International graduate students were also subject to a fee increase, with their fee multiplier increasing by 10 per cent. Together, the two fee increases give the university $7.6 million in new revenue this year.
The fee hike comes as the university has trimmed $14.4 million from the operating portion of its $701 million budget, leading some international students to lament the quality of education at the U of M.
Mujtaba Abdul Jalil, a fourth-year electrical engineering student and the international students‘ representative for the University of Manitoba Students’ Union points out that the U of M is consistently low on rankings of the U15 group of Canadian research universities.
“One of the reasons given for the fee increase for international students was that they were comparing the fee with other U15 universities,” Jalil said.
“Those universities have a high percentage of international students, their rank is either stagnant or improving because the quality of education is improving, whereas University of Manitoba is going down. It has gone down every year.”
The university maintains that the fee increase is necessary to bring international student fees in line with those of most other Canadian universities.
“International students are very important to the University of Manitoba,” said John Danakas, executive director of marketing and communications, in an interview last month.
“The University of Manitoba has been traditionally less expensive than comparable universities.”
GPA requirements
In addition to the tuition fee issue, international students will be protesting the differential in GPA requirements for domestic and international students applying for admission to the U of M faculty of engineering after University 1.
The faculty of engineering maintains a GPA differential, ensuring that entrance requirements are much stricter for international students than domestic students applying for admission into the faculty of engineering.
There are five program streams in engineering, each with their own differential requirements. The largest gap is in civil engineering, where domestic students can gain admission with a 2.94 GPA in University 1 while international students must earn a GPA of 4.13.
The faculty of engineering consistently admits more international students than the U of M‘s 10 per cent enrolment total. This year, international students made up 13.69 per cent of total offers issued by the faculty.
In July 2014, international students organized a protest on campus railing against the GPA requirement, which they characterized as unfair. They are organizing around the issue again as more students are turned away or struggle to gain admission.
According to Jalil, the GPA differential leads to a situation where many international students attend University 1 without knowing about the strict differential in engineering admission requirements or the preference for domestic students in faculty admissions.
“I see University 1 accepting so many international students,” he said.
“I don’t see why you increase the population at the entry point and then sort of stay stagnant when it comes to quotas for the faculties.”
Representatives from the U of M faculty of engineering could not be reached before press time.
However, in statements made during a university senate meeting in June of last year regarding the GPA differential, U of M engineering dean Jonathan Beddoes defended the policy and said that University 1 students were given plenty of advance notice about the requirements last year.

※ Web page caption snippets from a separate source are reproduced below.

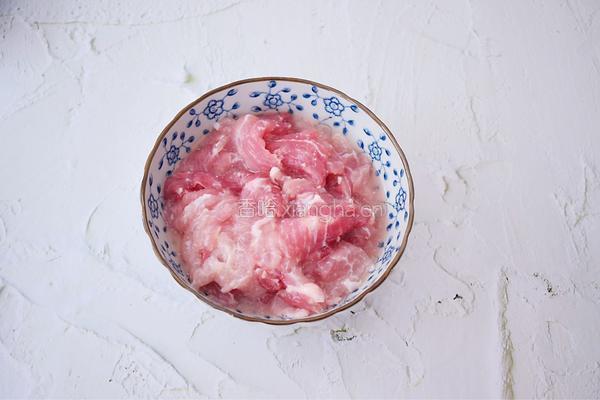 黄瓜鸡蛋炒肉片的做法图解2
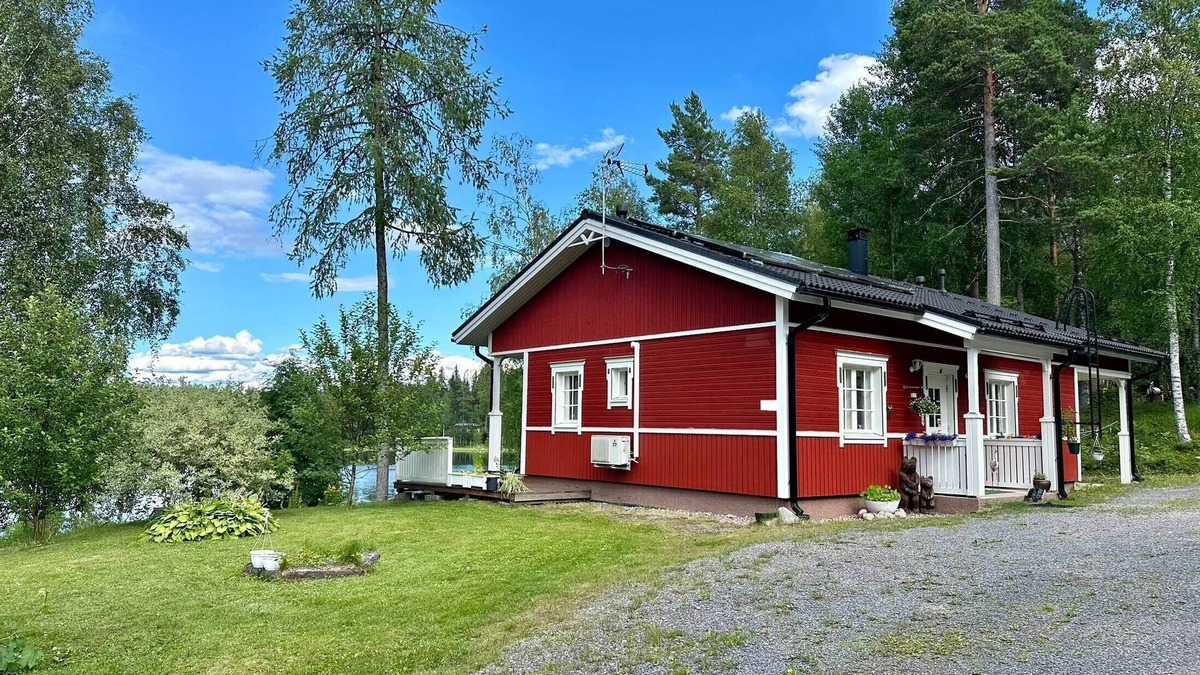 Ylojarvi Cottage | Cozy cottage on the lake with modern amenities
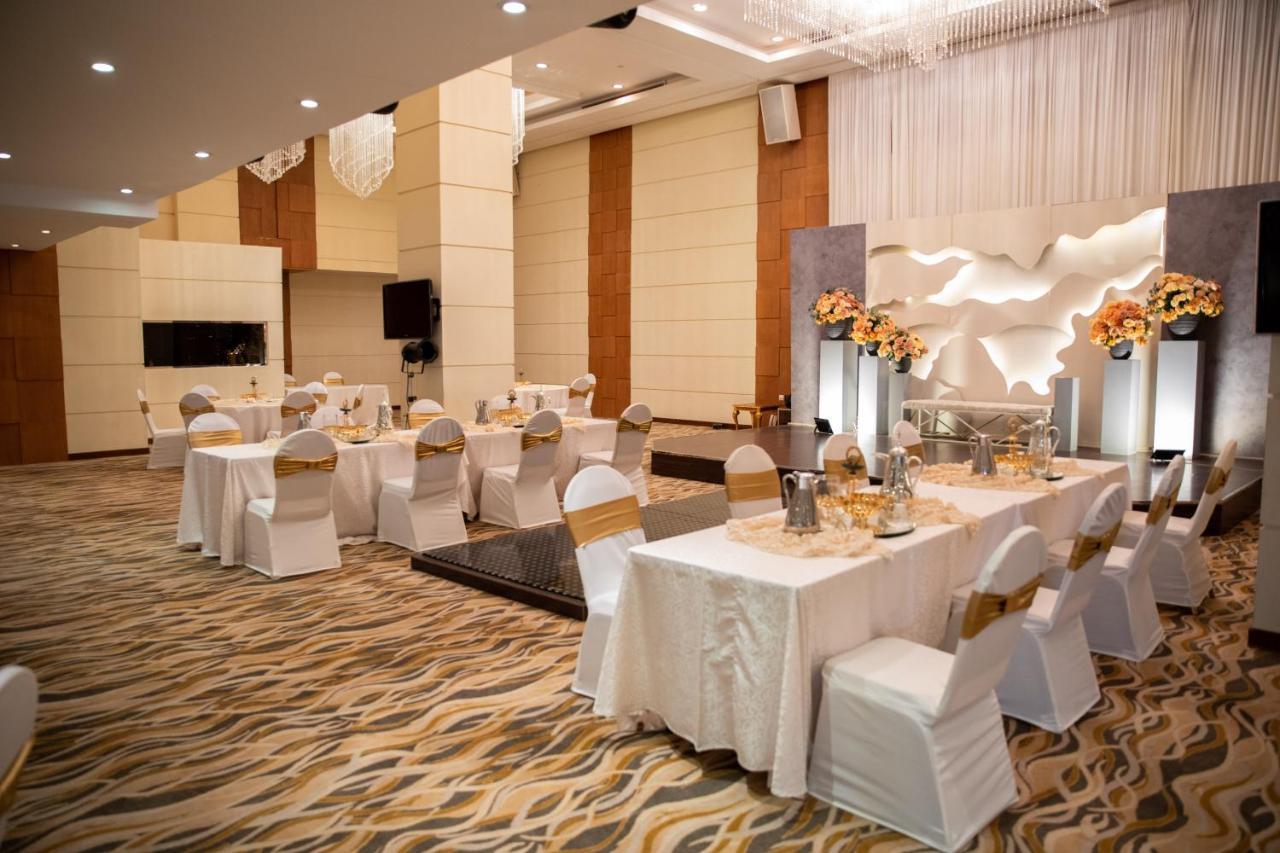 Al Hyatt Jeddah Continental Hotel Exteriör bild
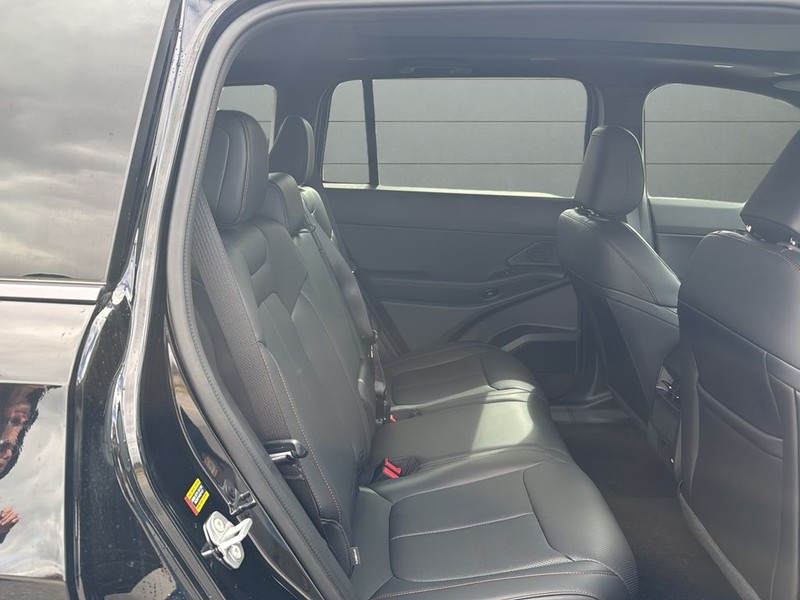 Jeep Cherokee Vehicle Full-screen Gallery Image 14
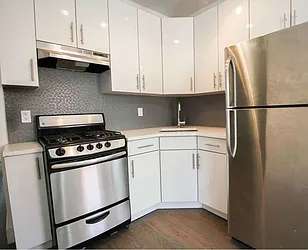 Rented by Premier Metro Realty Corp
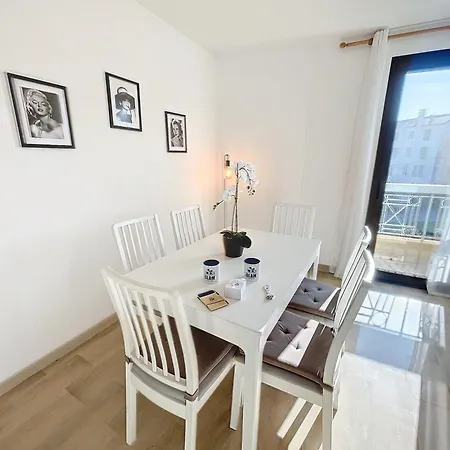 Bright And Vast 1br Balcony Parking Heart Of Town 1 Mn *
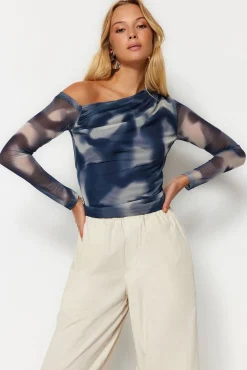 Blusa con cuello asimétrico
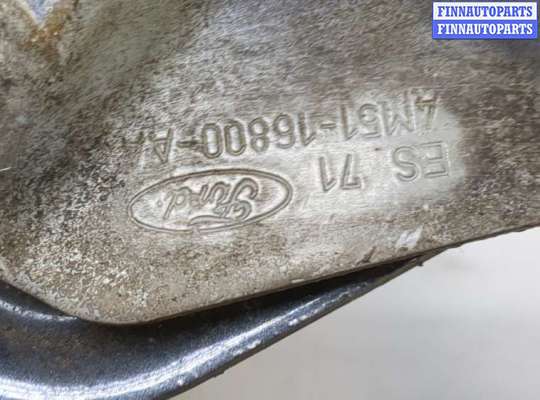 купить Петля капота на Ford Focus 2 2005-2008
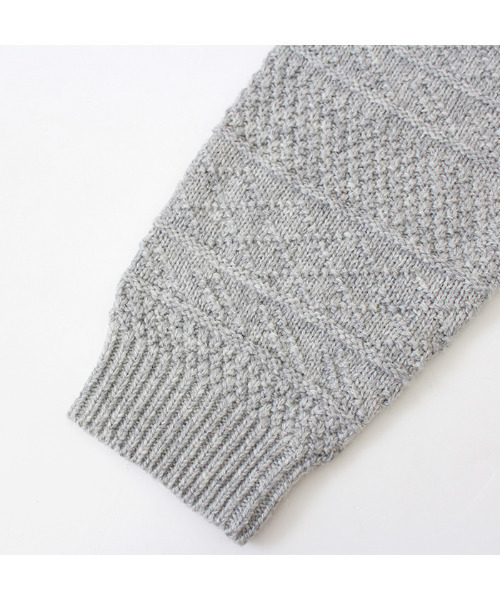 MODE ROBE(モードローブ)の「パイピング ランダム ケーブルニット(ニット/セーター・レディース・ベージュ/グレー/アイボリー・FREE)」の8枚目の写真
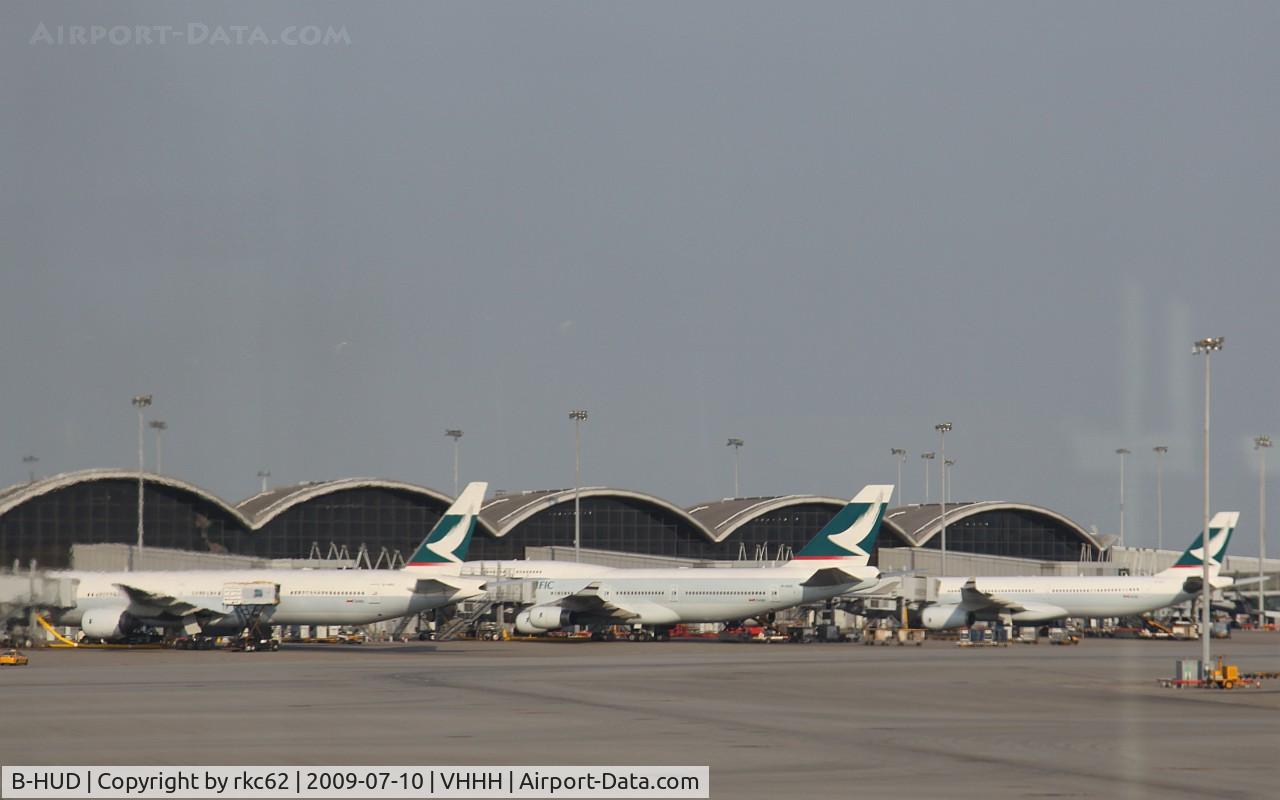 B-HUD, 1992 Boeing 747-467 C/N 25874, Cathay Pacific Jumbos (B-HUD is centre aircraft)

“The admission policies for international students have not changed recently, but have been in place for more than 30 years,” he said, adding that the faculty’s general policy is to favour domestic students, who are either Canadian citizens or permanent residents.
“A full year before applying the existing university policy students were reminded of this policy. That this policy existed was communicated to students with announcements in courses during the winter term of 2013 and through many emails and meetings.”